Bob was an alcoholic. When they found him, his feet had turned black. He died alone with only the dignity that he wasn’t struggling to reach the phone or knocking things over to get someone’s attention to help him. Instead, he stripped naked, poured himself one last drink, fell asleep and never woke up.

Doctors told us four months ago that most of his liver was gone that he wouldn’t last a month even if he stayed off the sauce.

It was a sad and lonesome death.

Bob was a sad and lonesome man. He would have appreciated the coincidence. In fact, he probably spent these last few weeks and months preparing himself for this inevitable end.

Bob came out to eat with us Christmas Eve of 2004. We had a fantastic dinner. Bob had a vodka with cranberry juice. The plan was to go back and open our presents after dinner. But as we were handing out presents, Bob asked if he could be driven home.

He couldn’t even find joy in the eyes and smile of a child on Christmas Eve.

Bob was a sad man and it was a lonely death. Did I say that already?
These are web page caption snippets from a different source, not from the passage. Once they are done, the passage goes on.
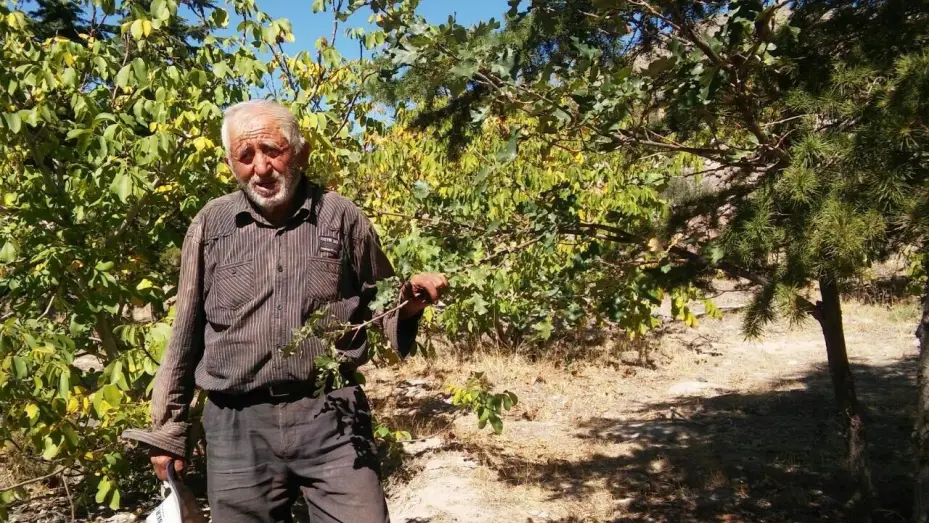 Konya’da binlerce fidanı toprakla buluşturan Orman Dede’ye veda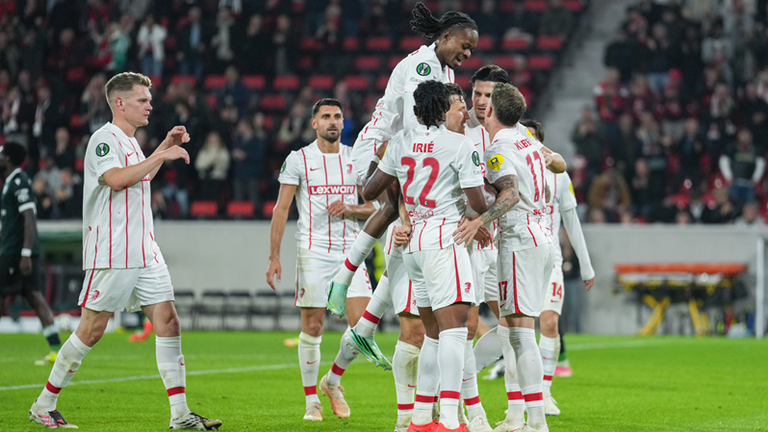 Freiburg schlägt am 1. Spieltag der Conference-League-Ligaphase Jablonec und trifft am 22. Oktober auswärts auf AS Monaco. 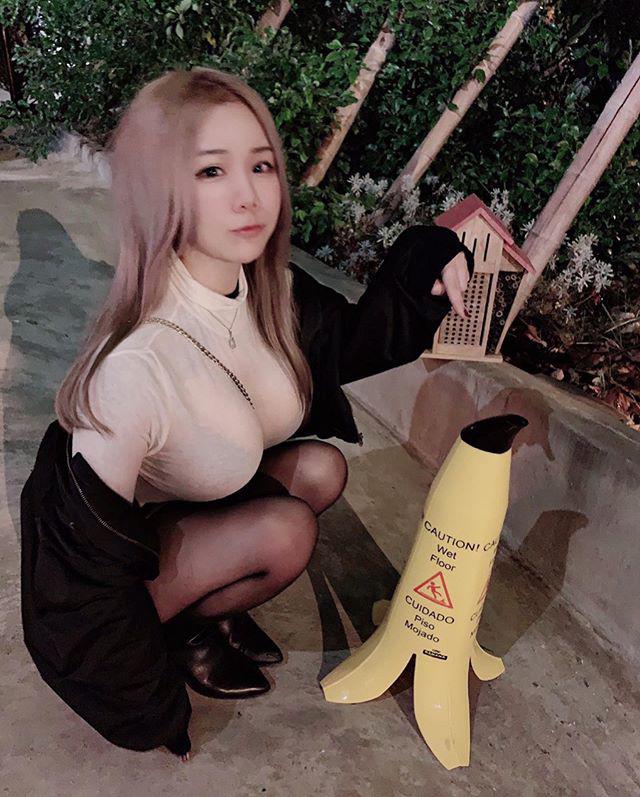 The outfits she wears when going out are aimed at fully showcasing her body curves.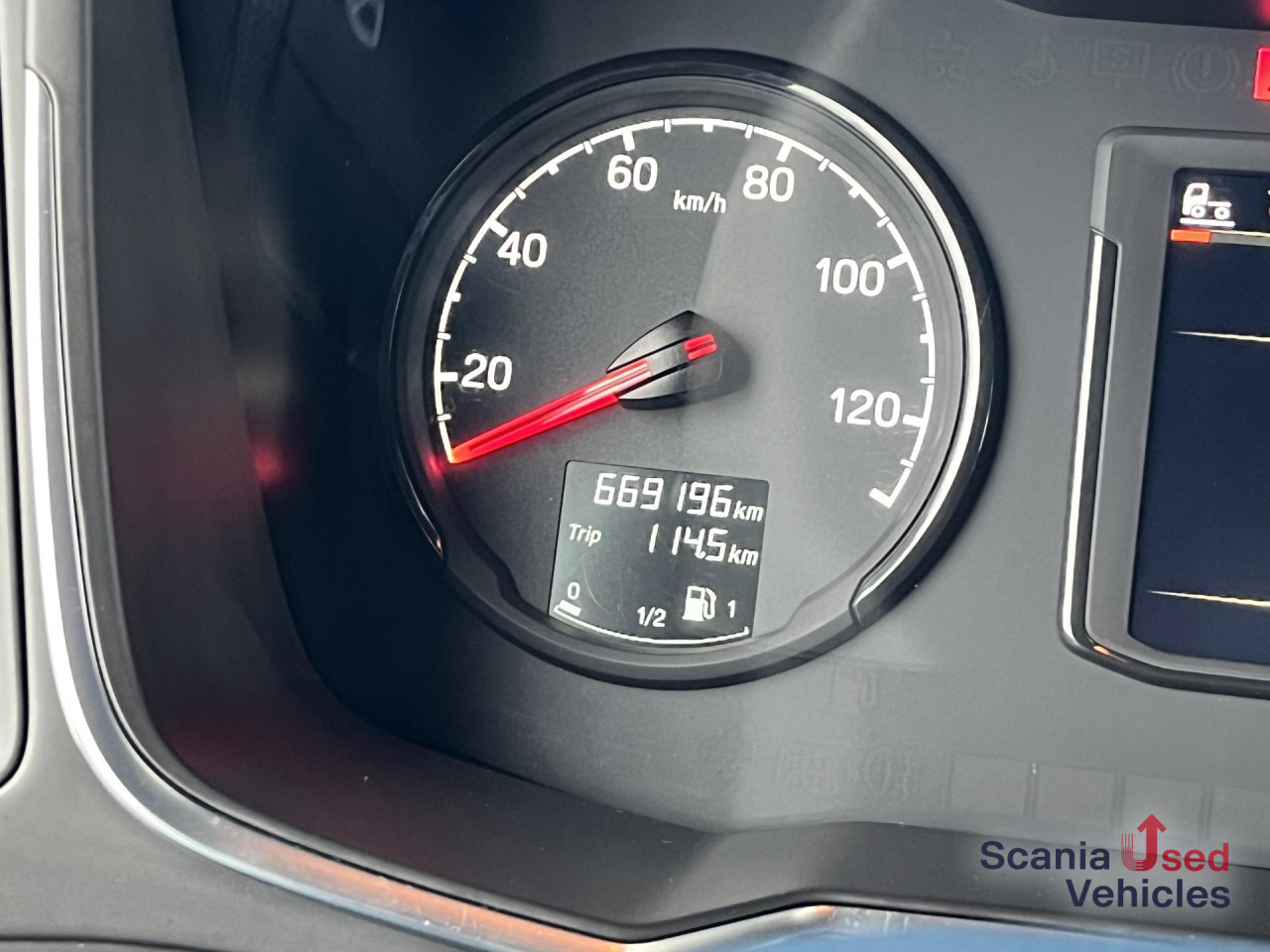 SCANIA R 450 A4x2LB RETARDER DIFF-L P-AIRCO FULL AIR - Dragbil: bild 5 SCANIA R 450 A4x2LB RETARDER DIFF-L P-AIRCO FULL AIR - Dragbil: bild 5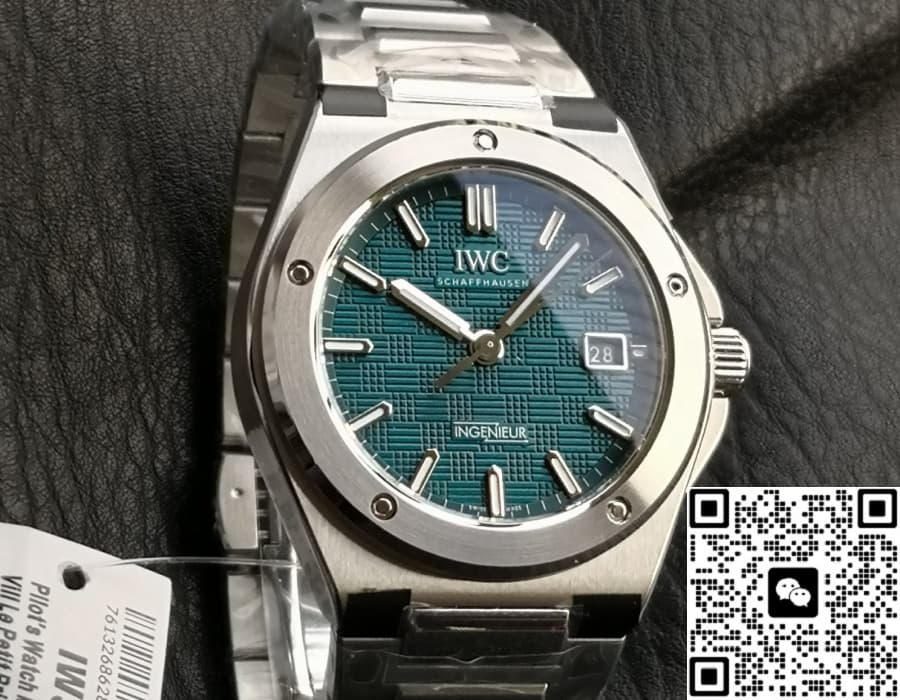 IWC Engineer IW328903 V7 Factory Date Display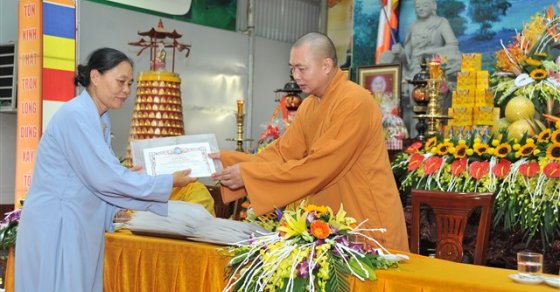 Thanh Hóa: Bế giảng lớp giáo lý dành cho cư sỹ Phật tử khóa thứ I năm thứ 10 18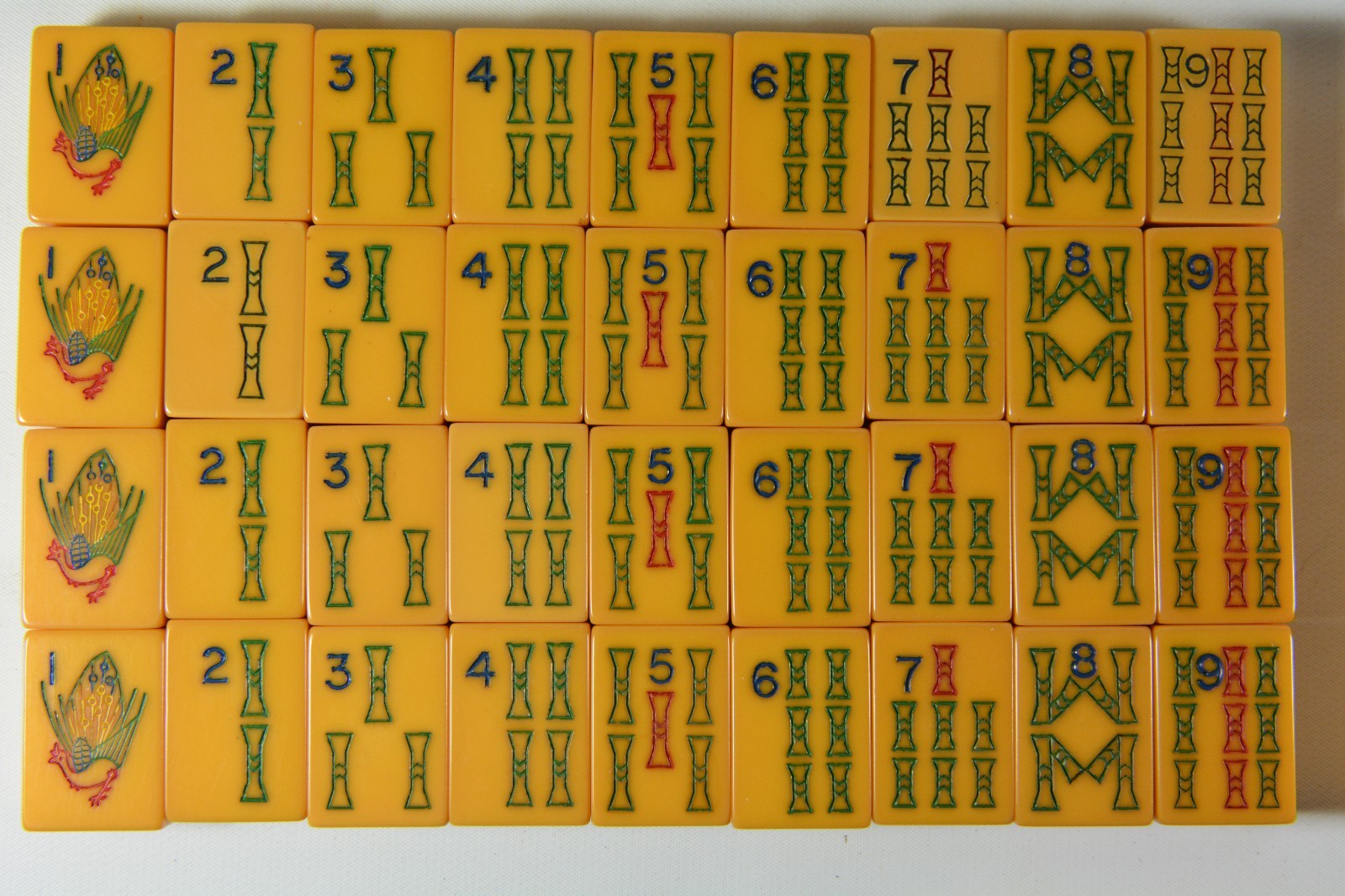 Fine OLD 156 Tile Chinese Mahjong Game Bakelite Butterscotch Mah Jongg Rack Case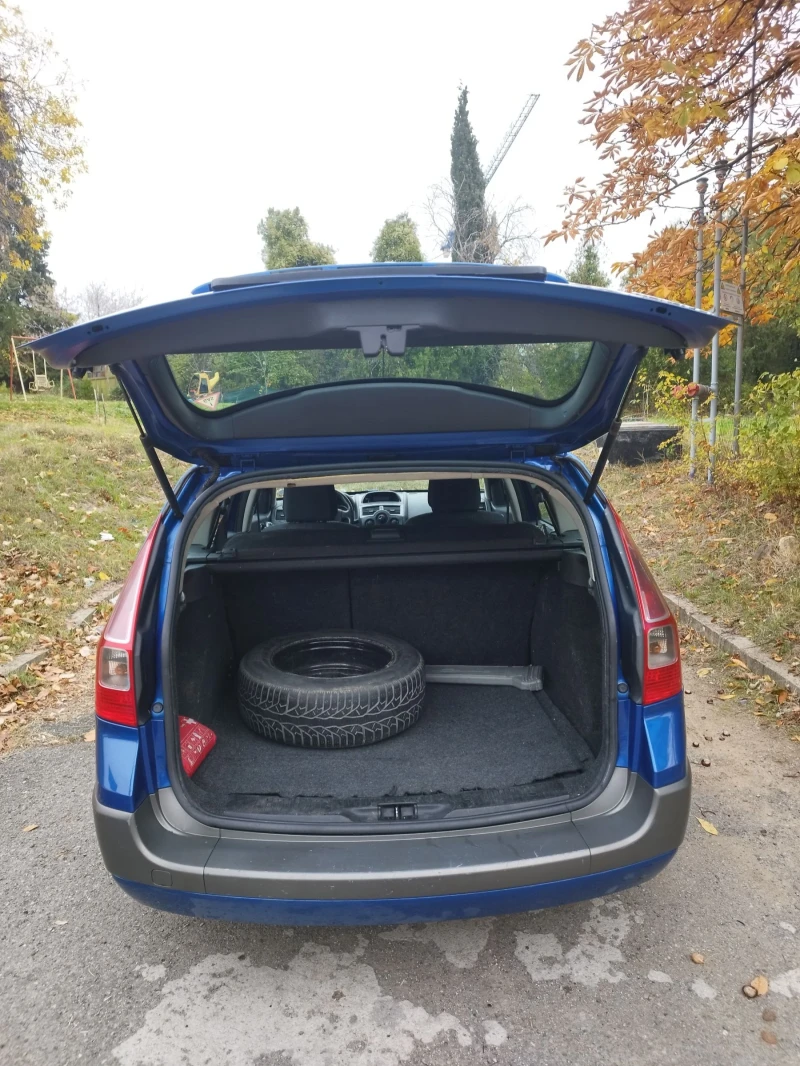 Renault Megane, снимка 6 - Автомобили и джипове - 52789298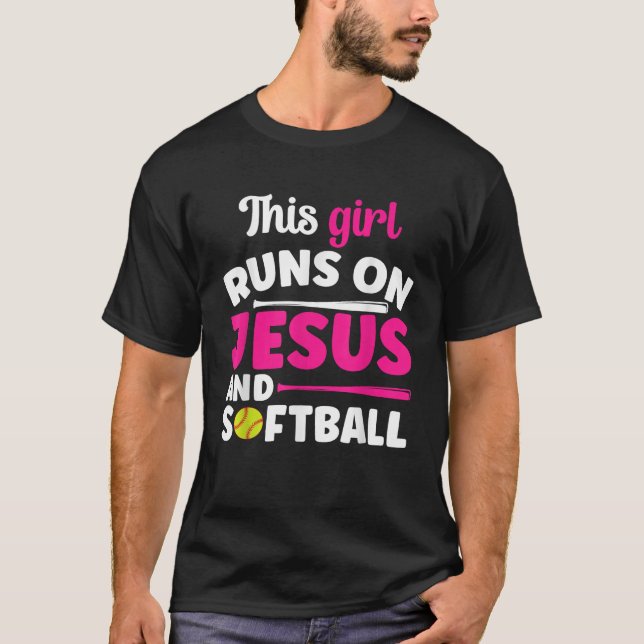 Camiseta Essa Garota Funciona Com Jesus E Sofisticado Ath C (Frente)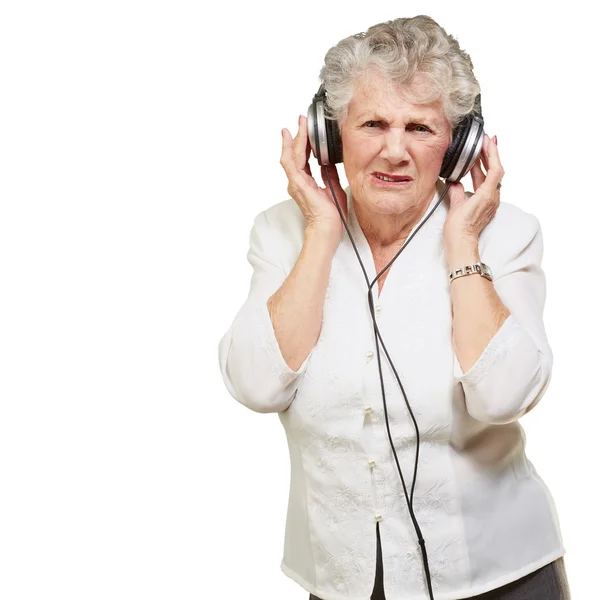 Retrato de mujer mayor escuchando música sobre fondo blanco — Foto de Stock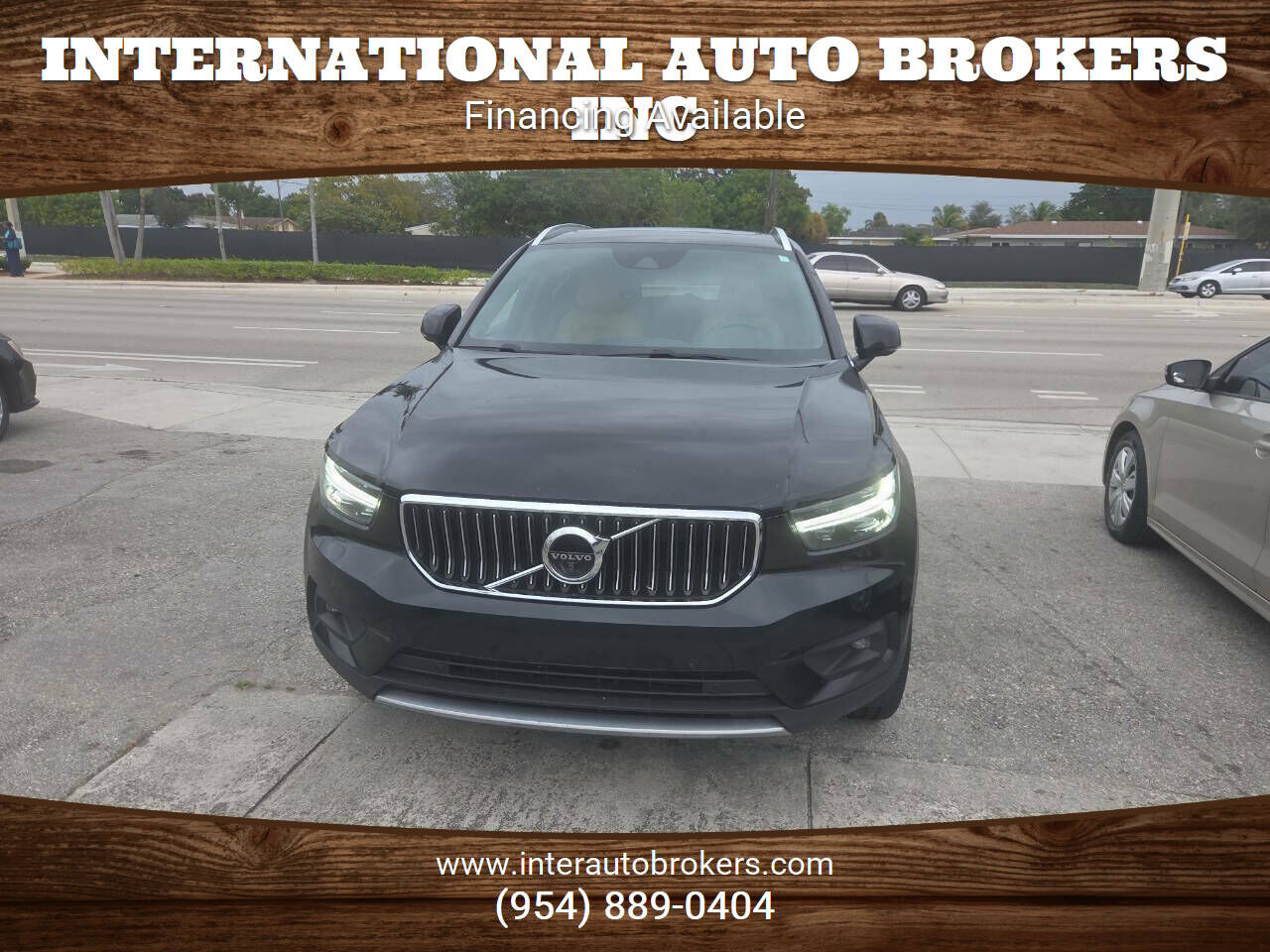 2019 VOLVO XC40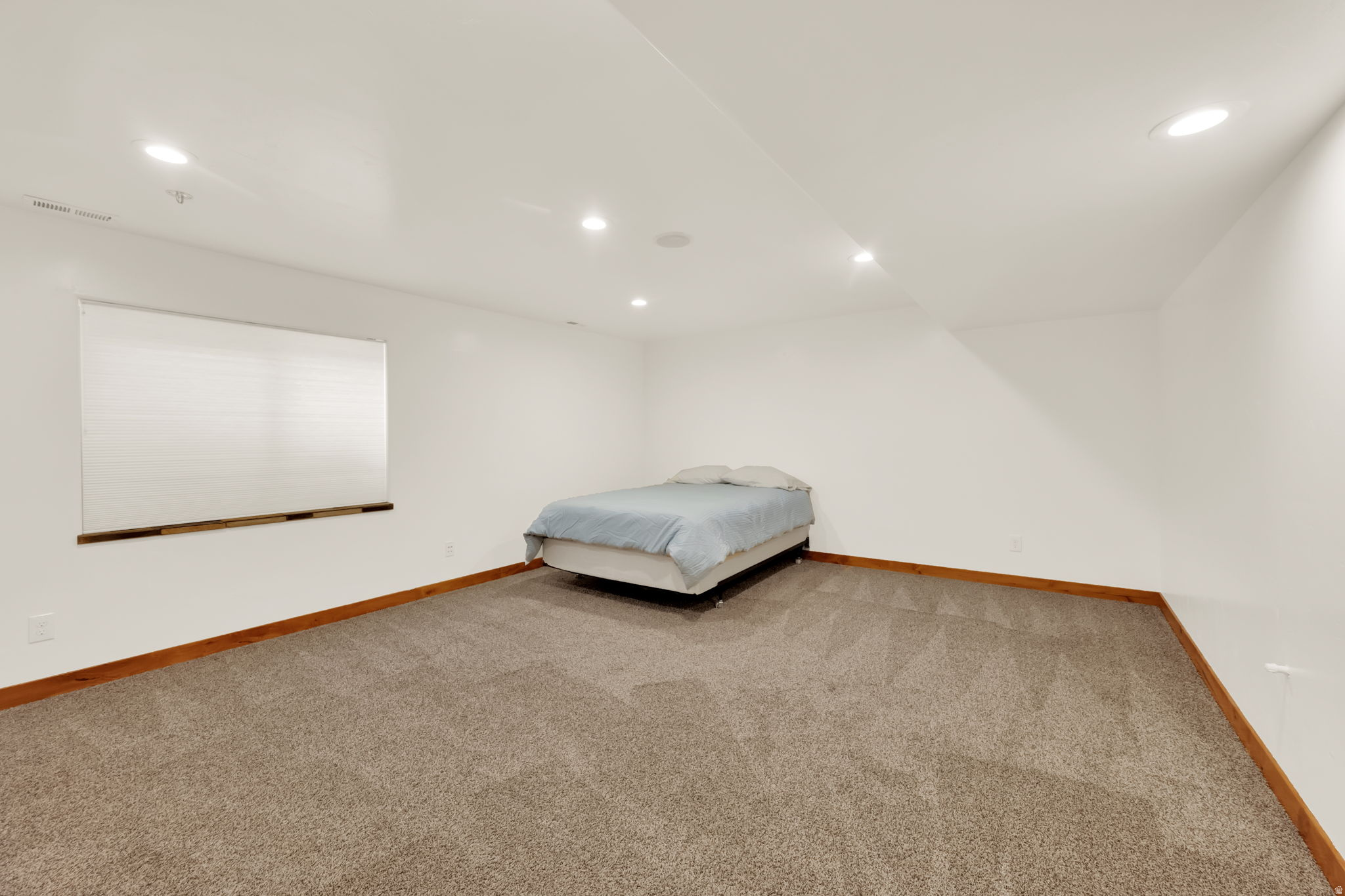 PINE TREE SUB - Residential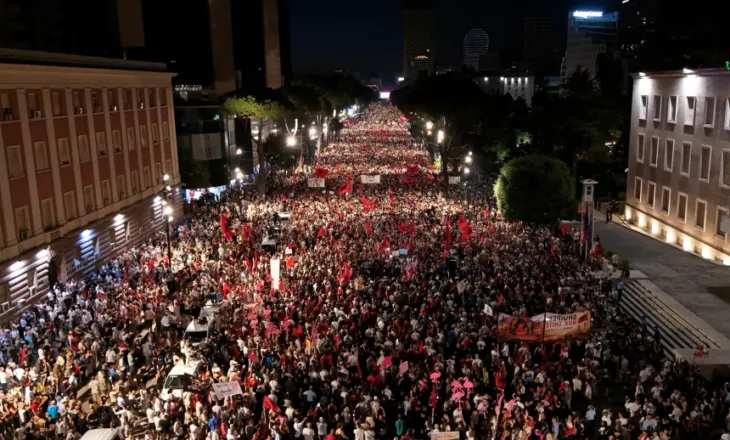 Protesta kundër qeverisë Rama hyn në ditën e 42-të, sot i bashkohen edhe shqiptarë nga diaspora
Alcoholism is one of the nastiest monsters that lives in the human heart because it eats away at the things you care most about first. Bob had four kids–they each have kids. He didn’t speak to any of them more than a few times in the past ten years. He only took the help he had to–the kind of help which got him to his next sad bottle.

Bob’s trash looked like a fraternity party every week, empty bottle necks poking out the side of cheap plastic, a ritual of glass banging and breaking against a metal trash truck each week. This ritual has now come to a close.

Bob was my step-dad’s brother and while I can’t say that I loved him, I love my step-father dearly and the pain of responsibility that has fallen upon him from his brother has been leveraged upon everyone in the family. Now we must stand together and try to put a frame around Bob’s life–what it meant. What was it worth?

I can think of nothing more depressing than a man’s life being summed up as an example of what not to do, a spiritual bright line below which there is no return and one inevitably sinks into the abyss…just like Bob did.

It was a sad and lonesome death. If there are people you love suffering from this disease, do everything you can to save them from a fate worse than death–dying without meaning.